> YOUR TASK
Beneath this line sits some data. Return only its lines from the one holding "Photo of property" through the one holding "BADOUNAS MVP Of", inclusive, exactly, with the images removed.

> RECORDS TO USE
******
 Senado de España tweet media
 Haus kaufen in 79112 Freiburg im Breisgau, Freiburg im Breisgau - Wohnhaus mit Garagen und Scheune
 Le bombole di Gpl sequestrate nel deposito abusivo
******
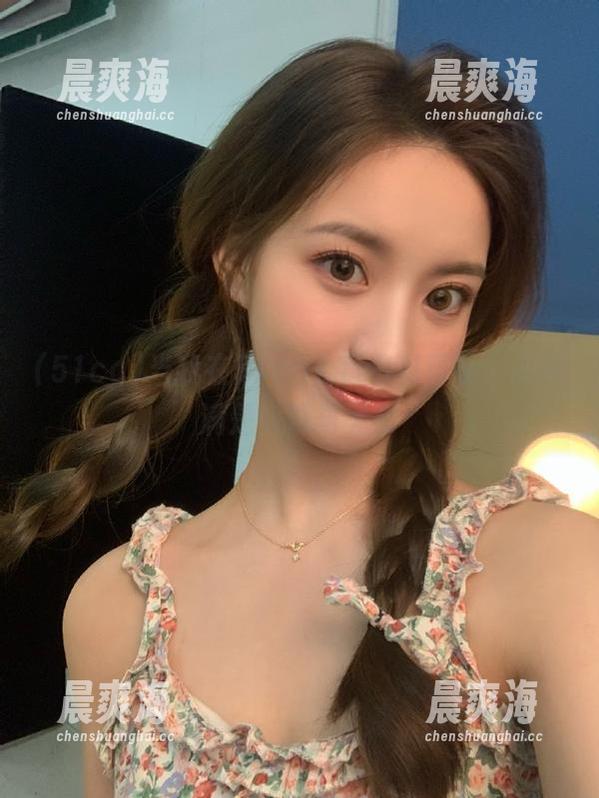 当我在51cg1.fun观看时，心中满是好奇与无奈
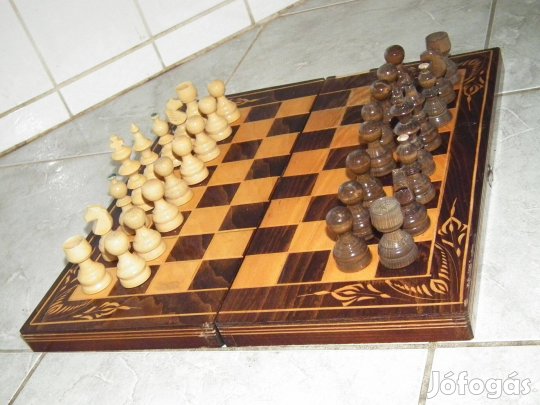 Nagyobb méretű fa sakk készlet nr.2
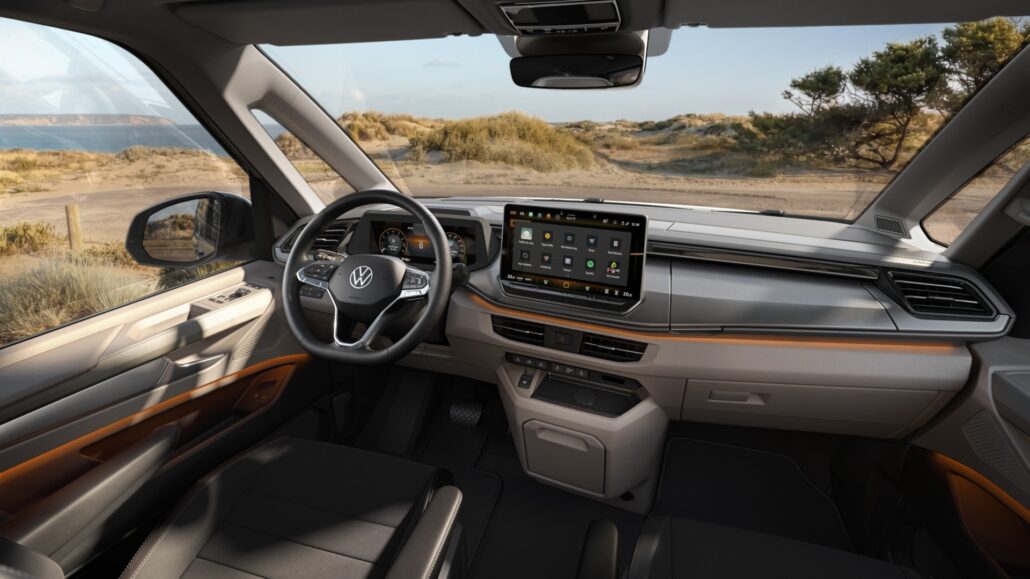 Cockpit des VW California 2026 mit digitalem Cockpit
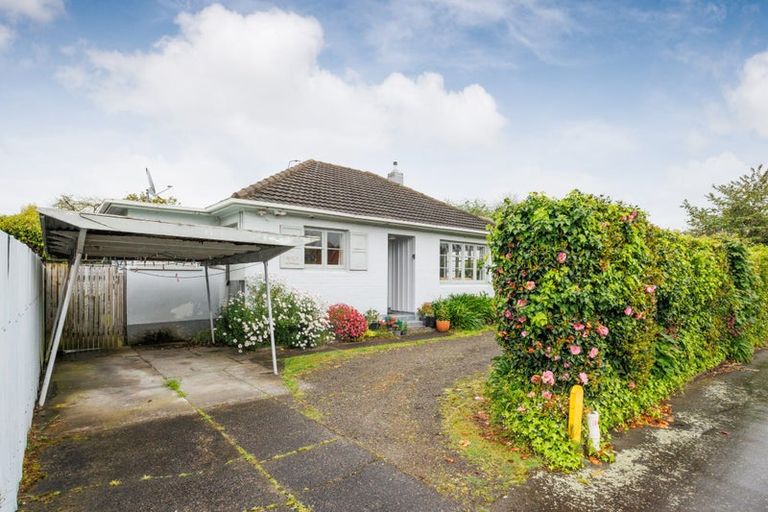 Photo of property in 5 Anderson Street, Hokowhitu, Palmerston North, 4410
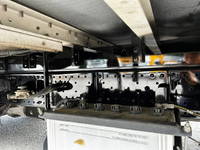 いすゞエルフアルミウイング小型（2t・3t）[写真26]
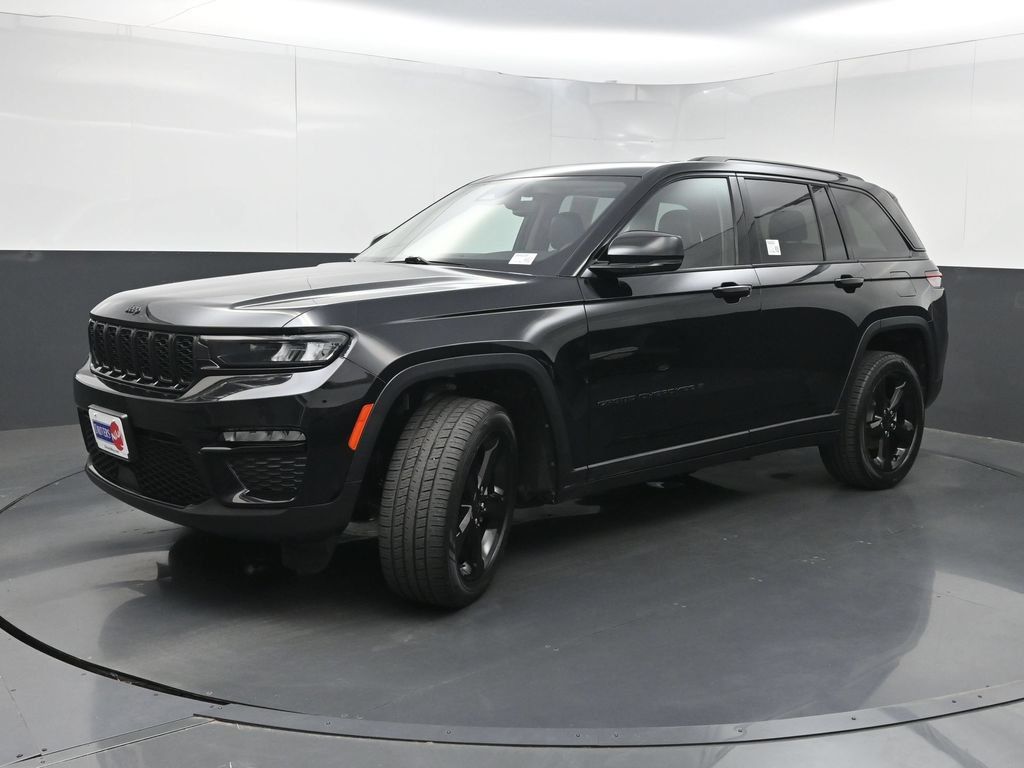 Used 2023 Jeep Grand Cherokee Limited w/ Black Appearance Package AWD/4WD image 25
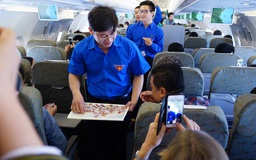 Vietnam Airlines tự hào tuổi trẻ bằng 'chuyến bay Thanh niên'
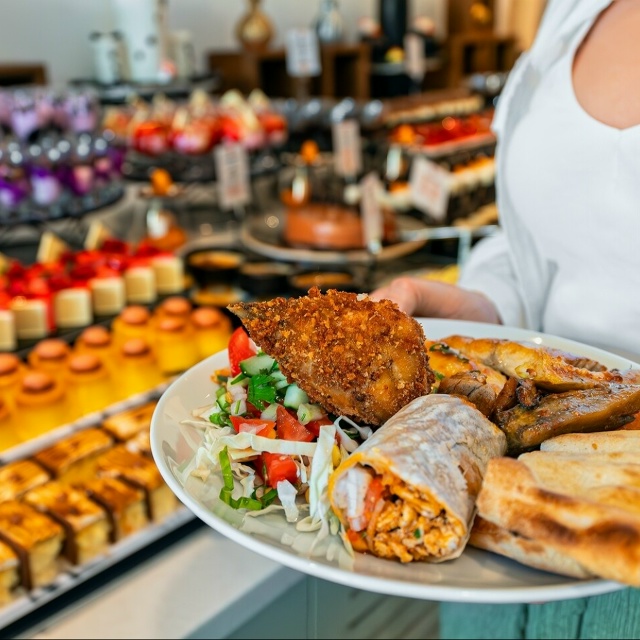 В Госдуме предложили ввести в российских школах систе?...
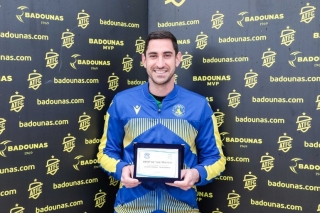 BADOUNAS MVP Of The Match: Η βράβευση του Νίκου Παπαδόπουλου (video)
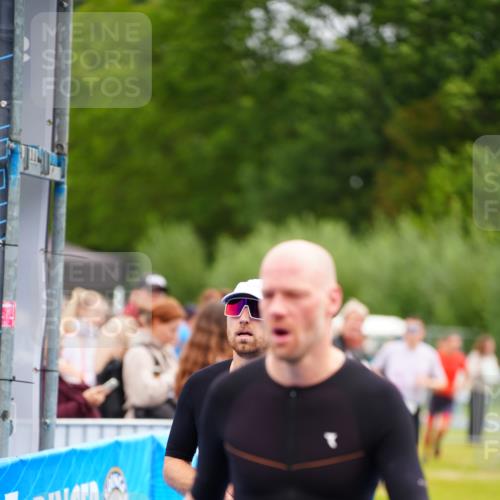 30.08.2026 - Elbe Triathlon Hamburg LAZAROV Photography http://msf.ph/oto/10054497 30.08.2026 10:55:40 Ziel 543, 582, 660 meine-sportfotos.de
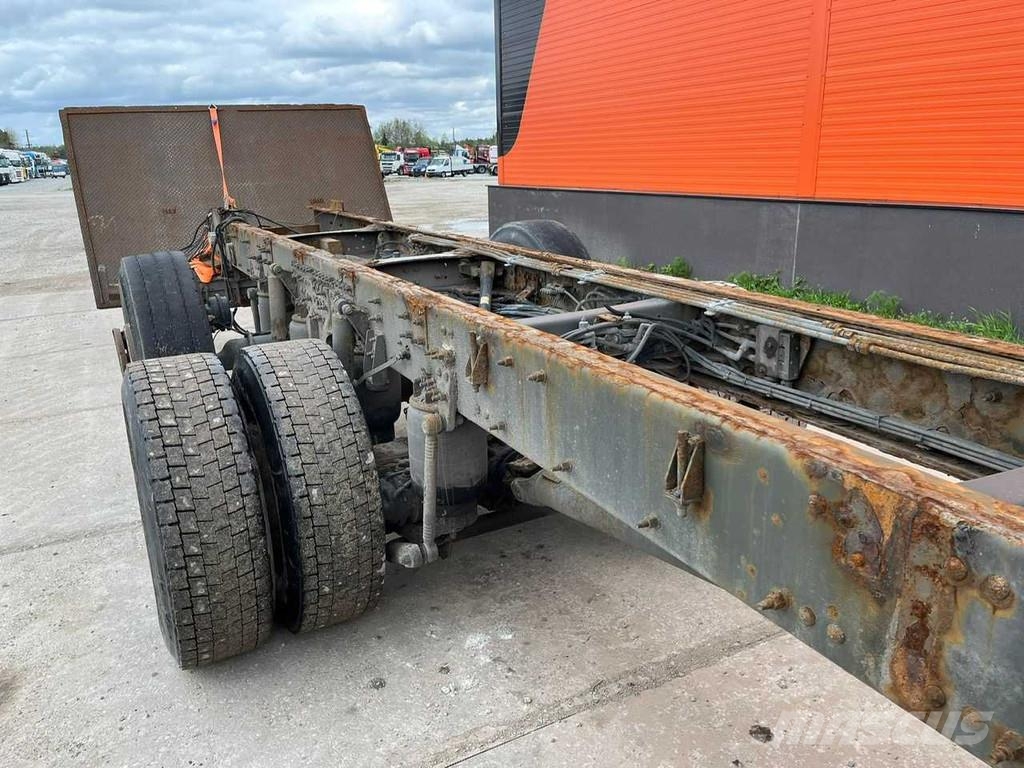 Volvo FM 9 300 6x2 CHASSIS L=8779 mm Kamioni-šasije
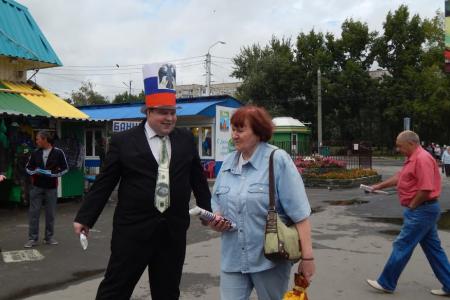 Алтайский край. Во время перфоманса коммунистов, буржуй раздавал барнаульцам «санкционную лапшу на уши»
******
> YOUR SOLUTION
 Photo of property in 5 Anderson Street, Hokowhitu, Palmerston North, 4410
 いすゞエルフアルミウイング小型（2t・3t）[写真26]
 Used 2023 Jeep Grand Cherokee Limited w/ Black Appearance Package AWD/4WD image 25
 Vietnam Airlines tự hào tuổi trẻ bằng 'chuyến bay Thanh niên'
 В Госдуме предложили ввести в российских школах систе?...
 BADOUNAS MVP Of The Match: Η βράβευση του Νίκου Παπαδόπουλου (video)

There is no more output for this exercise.